- Task directions: Please restate the data below word for word, omitting all images.

- Data excerpt:
- Opening Delimiter -
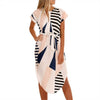 Image of 2019 Hot Sale Women Midi Party Dresses Geometric Print Summer Boho Beach Dress Loose Batwing Sleeve Dress Vestidos Plus Size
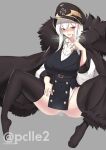  1girl absurdres aroused ass ass_visible_through_thighs bangs black_fur blush breasts cloak collared_shirt eyebrows_visible_through_hair female_ejaculation finger_to_mouth fur-trimmed_cloak fur_collar fur_trim girls&#039;_frontline hair_between_eyes hat highres iron_cross kar98k_(girls&#039;_frontline) large_breasts military military_hat military_uniform pclle2 red_eyes shirt signature simple_background solo spread_legs sweat thighhighs thighs twitter_username uniform white_hair 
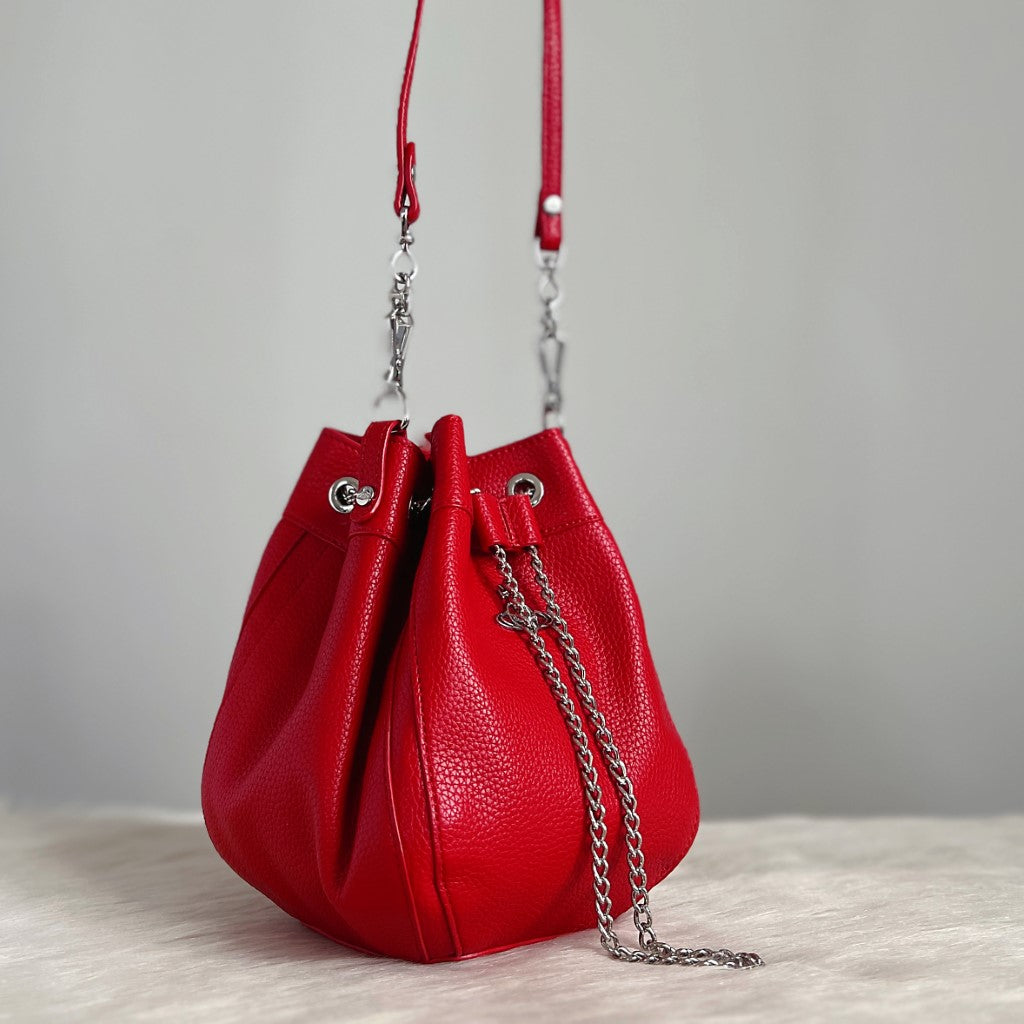 Vivienne Westwood Red Leather Drawstring Small 2 Way Shoulder Bag Like New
- Closing Delimiter -
- Solution to this problem:
 Image of 2019 Hot Sale Women Midi Party Dresses Geometric Print Summer Boho Beach Dress Loose Batwing Sleeve Dress Vestidos Plus Size
  1girl absurdres aroused ass ass_visible_through_thighs bangs black_fur blush breasts cloak collared_shirt eyebrows_visible_through_hair female_ejaculation finger_to_mouth fur-trimmed_cloak fur_collar fur_trim girls&#039;_frontline hair_between_eyes hat highres iron_cross kar98k_(girls&#039;_frontline) large_breasts military military_hat military_uniform pclle2 red_eyes shirt signature simple_background solo spread_legs sweat thighhighs thighs twitter_username uniform white_hair 
 Vivienne Westwood Red Leather Drawstring Small 2 Way Shoulder Bag Like New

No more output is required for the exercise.